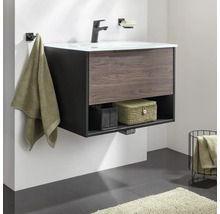 Badmöbel-Set FACKELMANN B.Paris BxHxT 705 x 493 x 465 mm Frontfarbe rigoletto eiche mit Glaswaschtisch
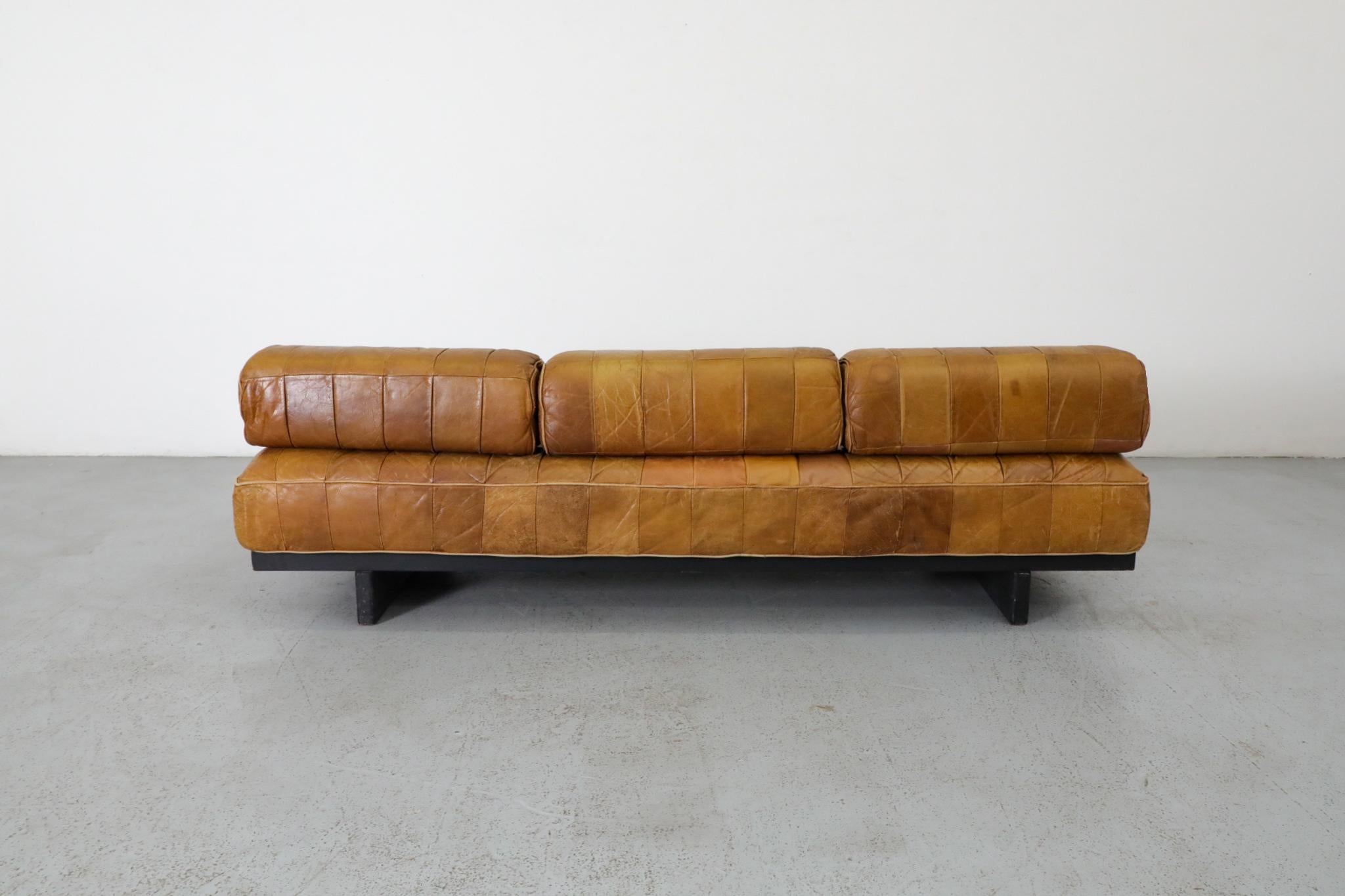 De Sede DS80 Sofá cama o sofá pequeño de cuero, 1970 en Bueno Estado en Los Angeles, CA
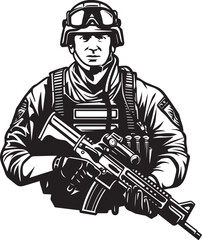 Sentinel Guardian Rifle Soldier Emblem Tactical Warrior Soldier and Gun Icon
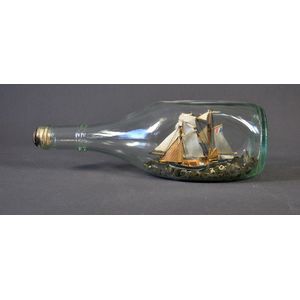 Noumea model sailing boats in bottle. Inscribed 'Noumea - 1987…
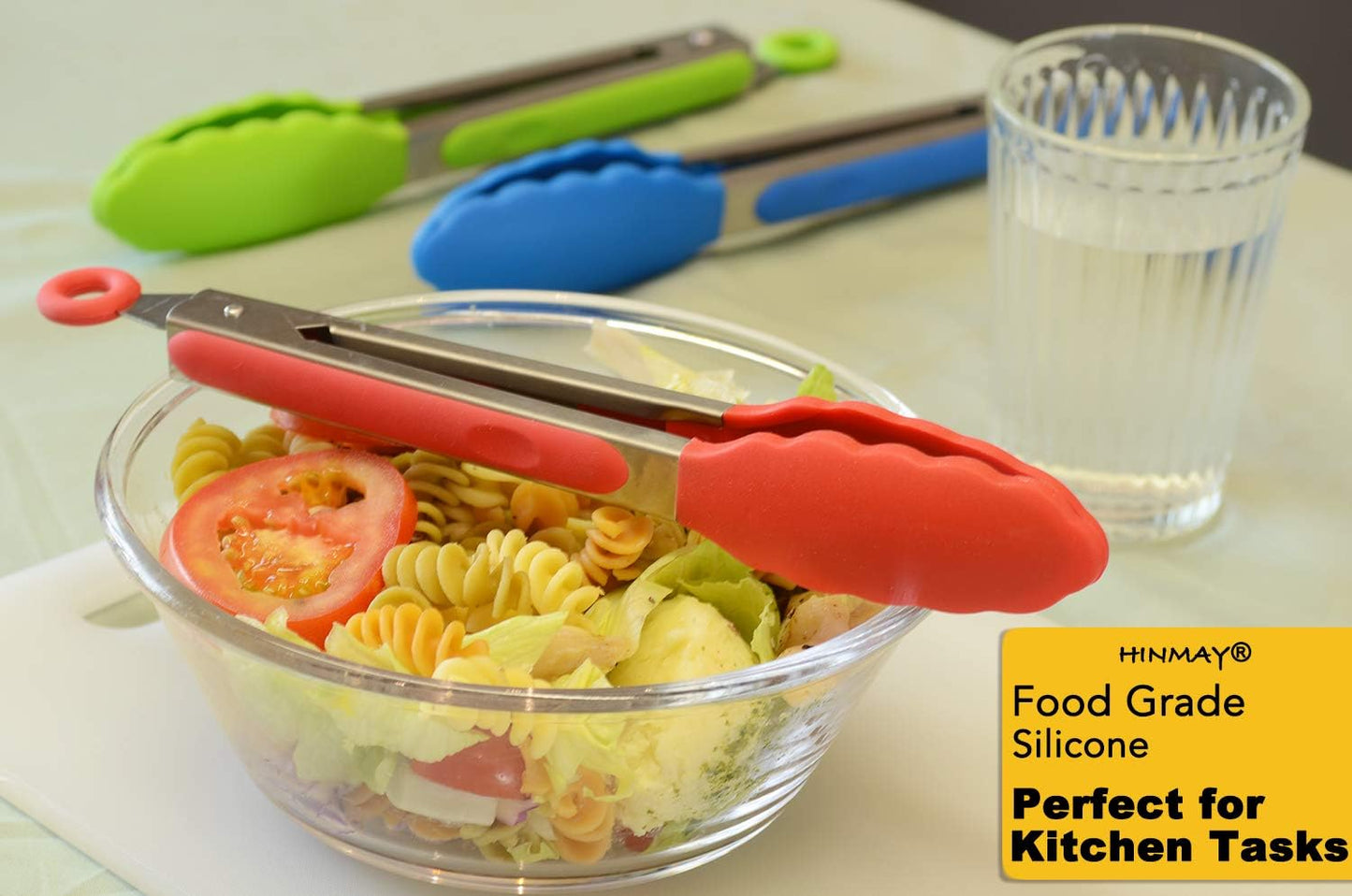 HINMAY Serving Tongs 9-Inch Cooking Tongs with Silicone Tips, Set of 3 (Black)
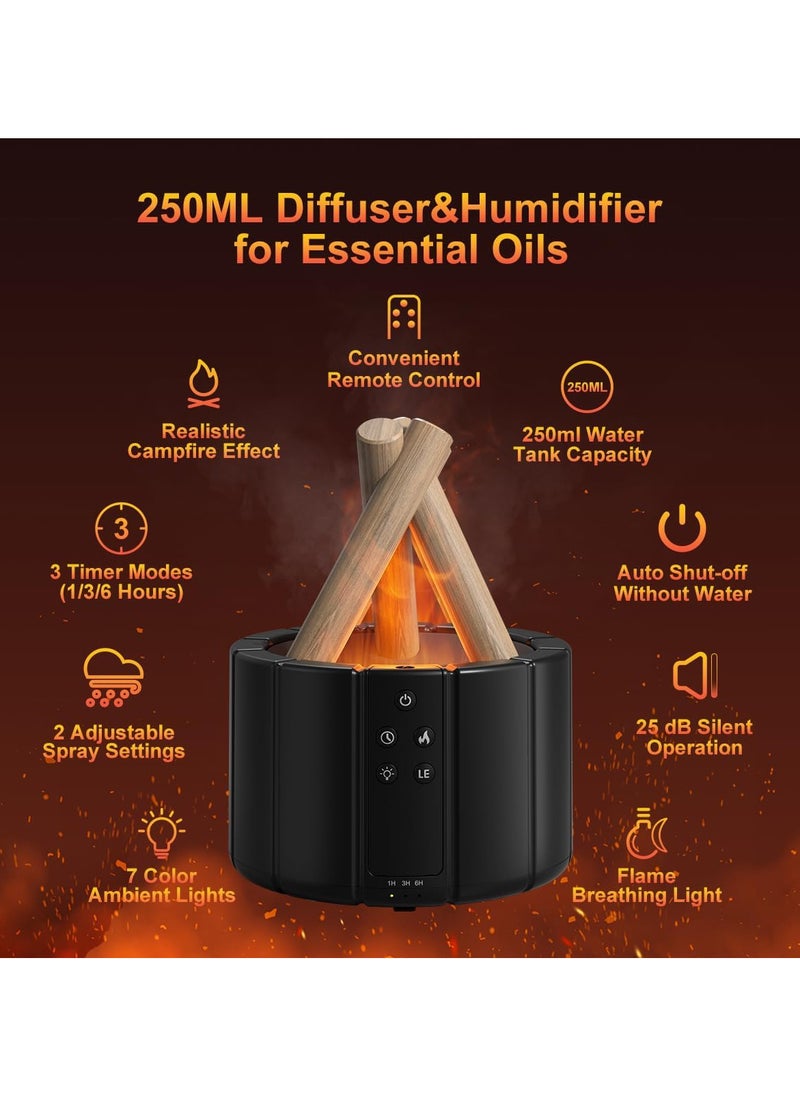 Generic - Simulated Campfire Diffuser, 250ml Essential Oil Diffuser with Remote Control, 7Colors Night Light Ultrasonic Aroma Diffuser & Cool Mist Humidifier,Timer (1/3/6H), Auto-Off Protection, Type-c Cable - Image 1
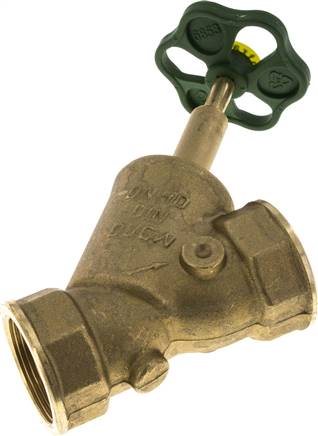 Schrägsitz-Absperrventil, Rp 1-1/2", PN 10, Messing, DVGW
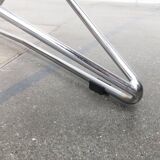 Vintage German Kreuzschwinger lounge chair by Till Behrens for Meyer Stahlmöbel, 1980s.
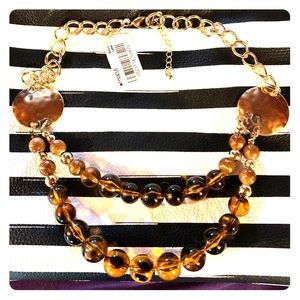 Two layer brown beaded necklace🍁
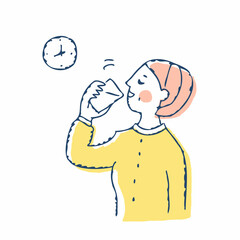朝に水を飲んでいる女性
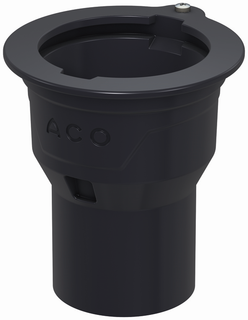 ACO Bodenablauf Passavant DN 100, Halterand, senkrecht, Gusseisen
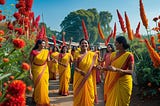 Bangladeshi women in yellow sarees joyfully celebrating Pahela Falgun under blooming Palash flowers, with bright skies and lush greenery all around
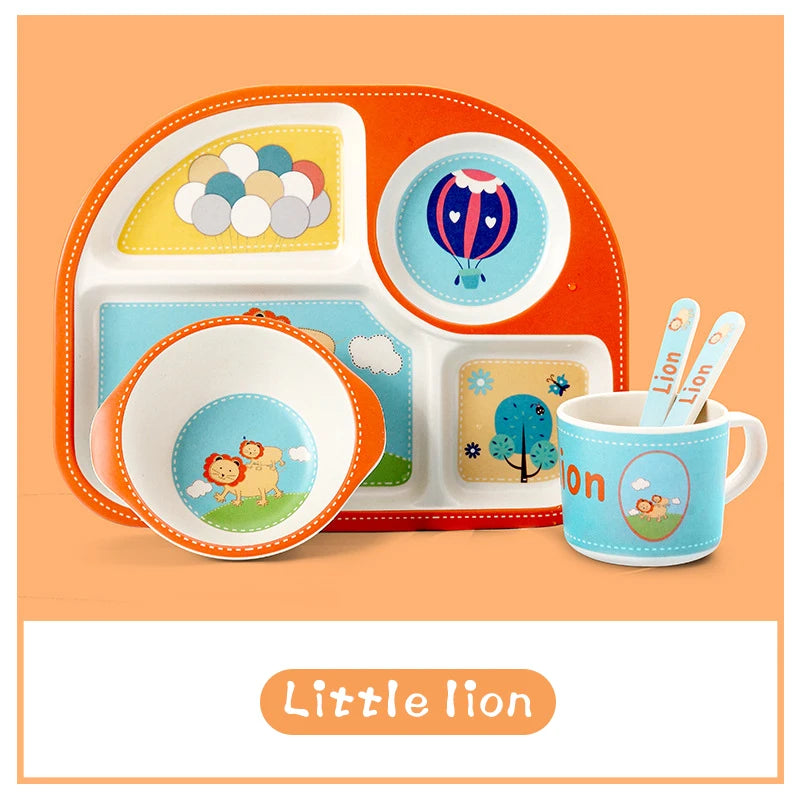 Eco-Friendly Kids Tableware Set - Fall-Proof Bamboo Plates with Non-Slip Design & Fun Patterns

Exercise description
The answer must be the listing above, restated word for word, with no images in it.

Task output
 Badmöbel-Set FACKELMANN B.Paris BxHxT 705 x 493 x 465 mm Frontfarbe rigoletto eiche mit Glaswaschtisch
 De Sede DS80 Sofá cama o sofá pequeño de cuero, 1970 en Bueno Estado en Los Angeles, CA
 Sentinel Guardian Rifle Soldier Emblem Tactical Warrior Soldier and Gun Icon
 Noumea model sailing boats in bottle. Inscribed 'Noumea - 1987…
 HINMAY Serving Tongs 9-Inch Cooking Tongs with Silicone Tips, Set of 3 (Black)
 Generic - Simulated Campfire Diffuser, 250ml Essential Oil Diffuser with Remote Control, 7Colors Night Light Ultrasonic Aroma Diffuser & Cool Mist Humidifier,Timer (1/3/6H), Auto-Off Protection, Type-c Cable - Image 1
 Schrägsitz-Absperrventil, Rp 1-1/2", PN 10, Messing, DVGW
 Vintage German Kreuzschwinger lounge chair by Till Behrens for Meyer Stahlmöbel, 1980s.
 Two layer brown beaded necklace🍁
朝に水を飲んでいる女性
 ACO Bodenablauf Passavant DN 100, Halterand, senkrecht, Gusseisen
 Bangladeshi women in yellow sarees joyfully celebrating Pahela Falgun under blooming Palash flowers, with bright skies and lush greenery all around
 Eco-Friendly Kids Tableware Set - Fall-Proof Bamboo Plates with Non-Slip Design & Fun Patterns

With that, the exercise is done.